Pictures with short captions:
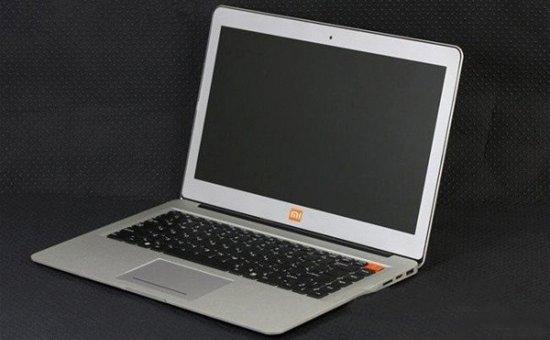 传小米明年推出首款笔记本电脑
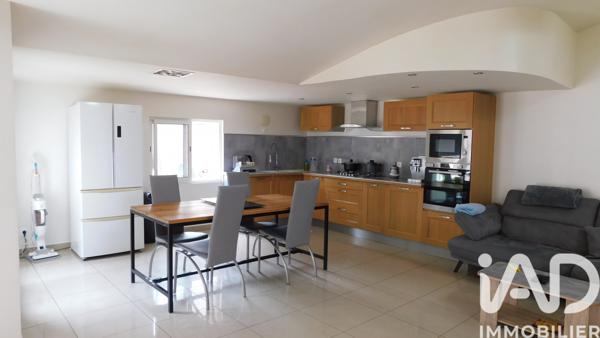 Maison à vendre 4 pièces 84 m² Montluçon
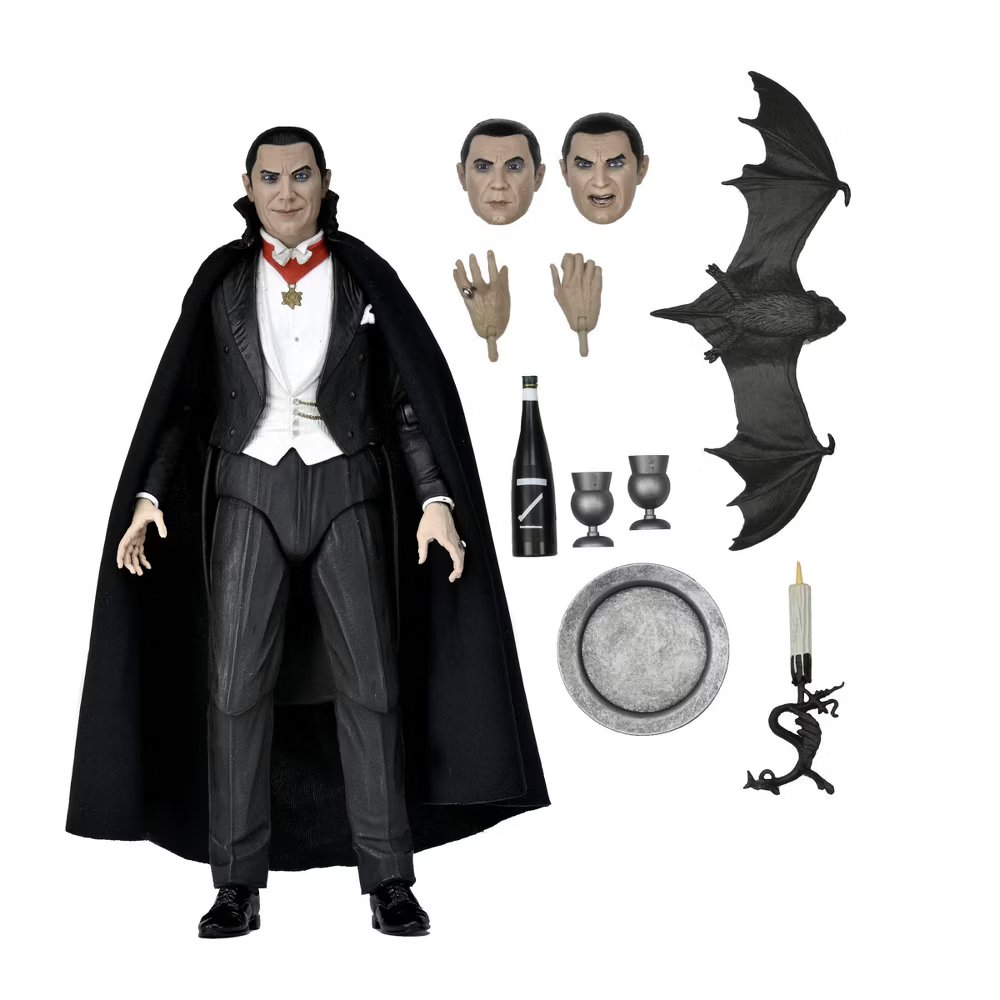 616riddler's tweet photo. Two Draculas for the price of one https://t.co/zPn3QKerZE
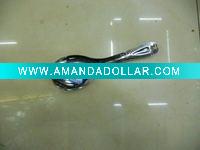 stainless iron spoon/dessert spoon/kitchenware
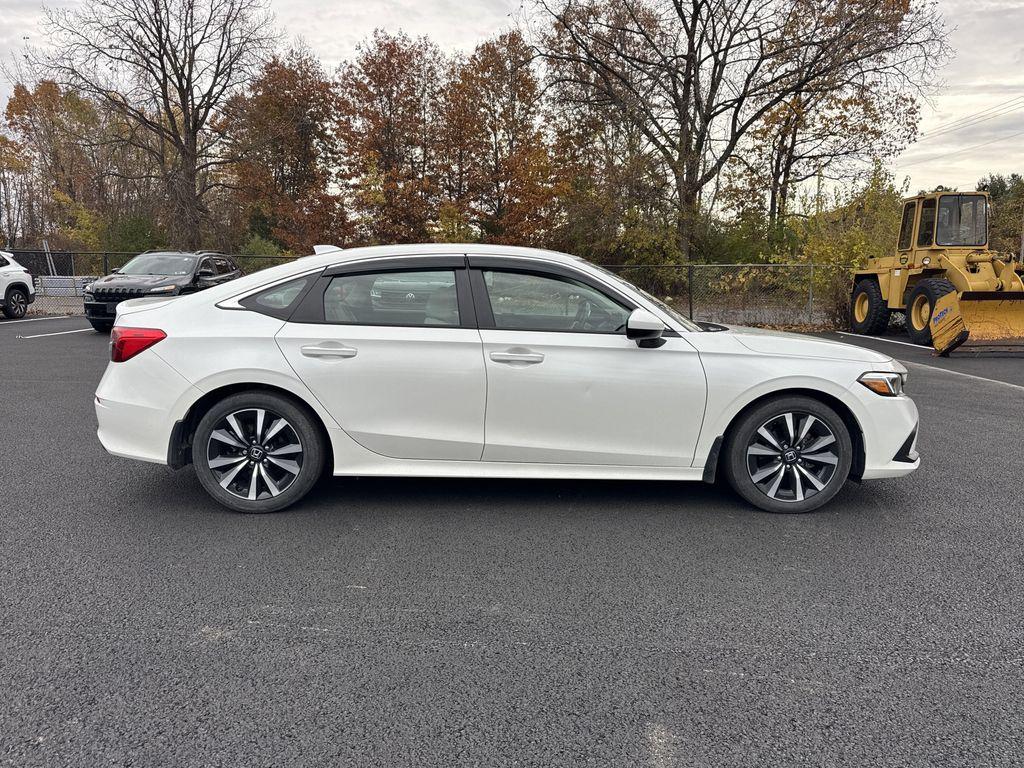 used 2023 Honda Civic car, priced at $23,495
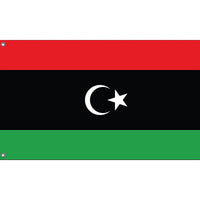 Flag of Libya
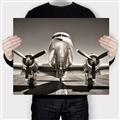 Picture of On the Runway _GroupedProduct_Rectangle_Landscape_Photography _GroupedProduct_Rectangle_Landscape_Canvas_
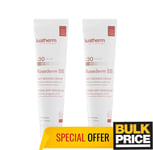 Ivatherm Rosederm BB Crème SPF 30 Anti-rosacea Réduit Rougeur 40ml 2-pack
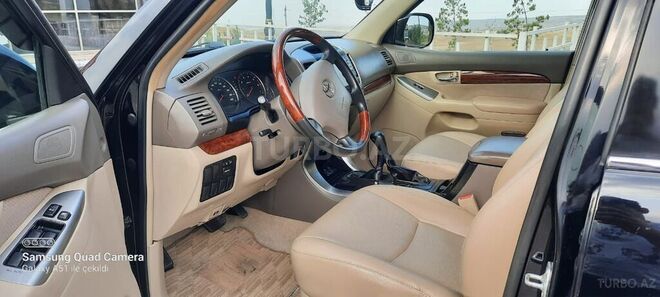 Toyota Prado 2008, 174,000 km - 2.7 l - Gəncə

• _EXERCISE BRIEF_
Print once more, exactly, the lines from the one with "Ivatherm Rosederm BB" through the last line of the data, both ends included, without any pictures.

• _RESULT OF THIS EXERCISE_
 Ivatherm Rosederm BB Crème SPF 30 Anti-rosacea Réduit Rougeur 40ml 2-pack
 Toyota Prado 2008, 174,000 km - 2.7 l - Gəncə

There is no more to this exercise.